Syrian artist MouteeaMurad has revisited the Islamic cubistic art in his exhibition of abstract paintings “Through the Looking Glass II”. Murad’s first solo exhibition in Beirut is comprised of seven acrylic-on-canvas works, all “juxtaposing order and chaos,” as gallery press notes put it, of geometric abstraction.
In the early years of his career, Murad’s early painting was preoccupied with dark personalities, but he later felt the urge to reorient his work to an exploration of color. Embracing the art history of this region, Murad takes his audience on an exploration of colorful spaces composed of stripes, squares and perspective, entirely living up to the kaleidoscopic promise of the show’s nod to Through the Looking-Glass, Lewis Carroll’s 1871 sequel to Alice’s Adventures in Wonderland.
In his canvas “Trial No. 49” (185×185 cm), Murad assembles different geometric motifs, one atop the other, within a form depicting the walls and floor of a room – with white bars deployed along the walls and squares along the floor. Murad explained that his work is one of adding layers of paint. He went on to describe how one of his objectives was to play with the viewer’s eyes. “Abstraction,” he said, “is a challenge for each person.” The blending of different geometrical motifs within a wide and vivid palette of colors gives the viewer the impression that the painting is in restless movement.
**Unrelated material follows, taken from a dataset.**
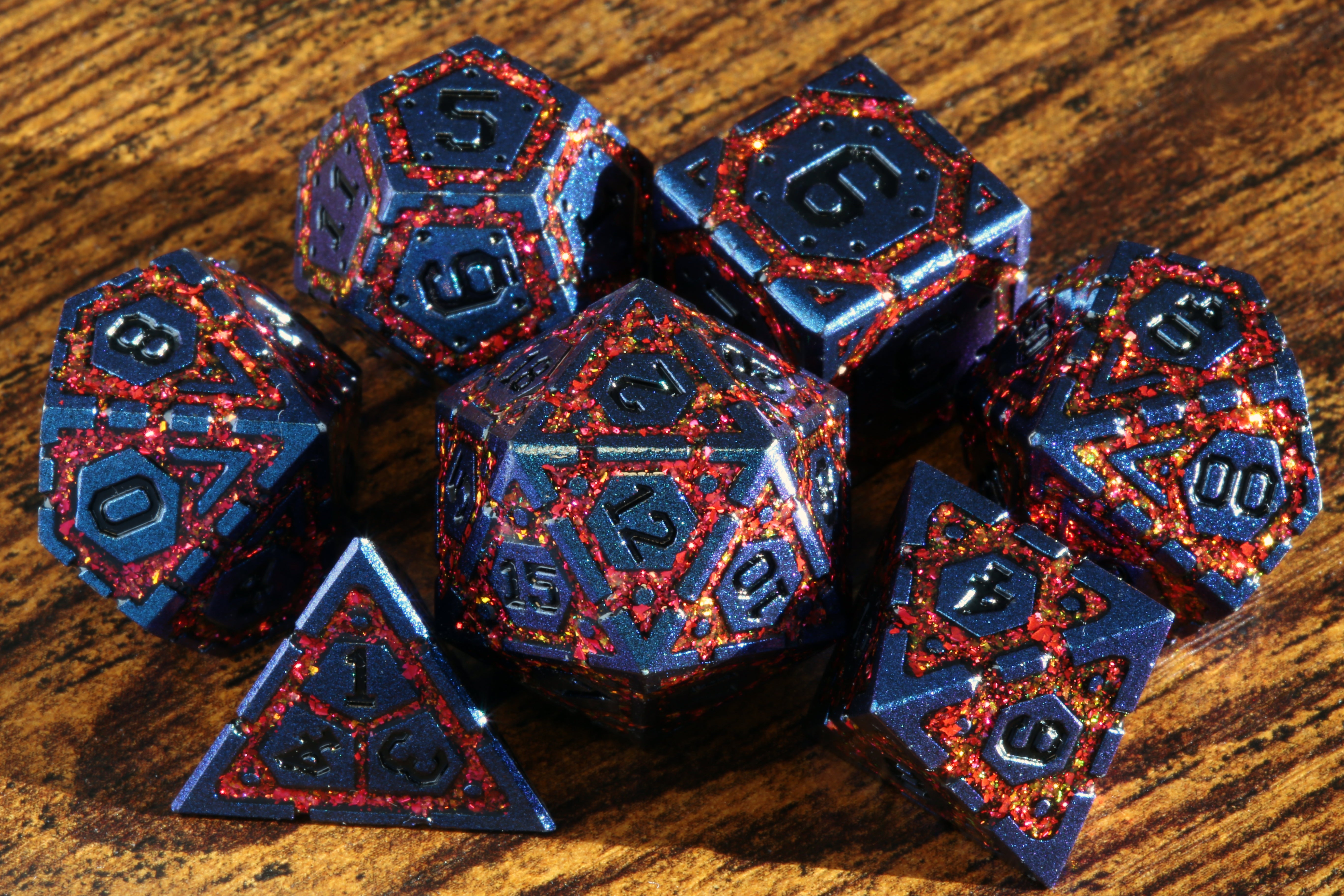 Lava Vault Dice Set - red mica with blue metal - The Wizard's Vault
Far from being a random assembly of bars and squares, Murad’s art is a detailed study of intersection and convergence, a strategy of capturing the viewer’s attention and him or her into the canvas. Most of his works are entitled “Trial” which, as is remarked in the exhibition catalogue, is “a clear indication that he sees his work as a continual state of exploration and renewal.”
Murad’s works have an obvious kaleidoscopic quality. In his “Trial No. 51” (185×185 cm), for instance, the artist used a range of hues – mainly blues and pinks, along with black lines. Four bands of turquoise join at the center of the canvas, which give the viewer the impression that s/he is looking at a concave surface. The euphoric deployment of vivid color doesn’t have a seizure-provoking intensity – Murad always cuts the colorful lines with black ones, modulating the vibrancy of the work without reducing the overall effect of the canvas.
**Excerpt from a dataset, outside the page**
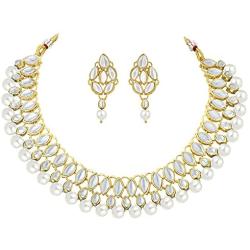 Aheli Fancy Party Wear Pearl Drop Kundan Necklace and Earrings Set Jewelry for Women Girls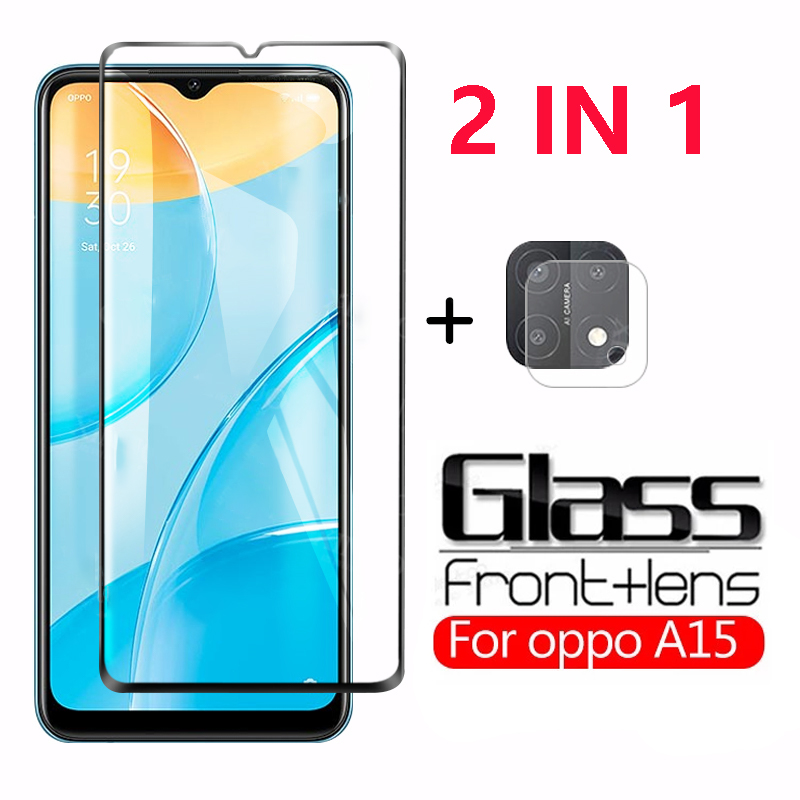 Kính Cường Lực 2 In1 Cho OPPO A15 Camera Sau Ống Kính Bảo Vệ Phim Cho OPPOA15 A 15 Tấm Bảo Vệ Màn Hình Mặt Trước Phim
The longer one gazes at Murad’s work, the more one may feel the colors are, again, in movement as the artist’s technique tricks the eye into perceiving a rotating or spiral effect in this work. Though a similar effect may be discernible in all of Murad’s canvases, the perception of each work is unique insofar as always deploys his geometrical motifs differently.
In his work “Trial No. 52” (185×185 cm), we face a mosaic-like work in which a field of irregularly shaped shards of color are both framed by and interposed upon by a pair of square white frames. The interruption is reiterated at the very center of the work, which is occupied by a white square or cube shape. Each of these white fields betrays the same brush-stroke-like contours as the colored mosaics it contains. Focusing on the bas relief-like geometric shapes of the colorless frames, the white fields create the impression of added dimensionality. In this way, Murad’s abstract geometry veers close to becoming a study of abstract architectural design.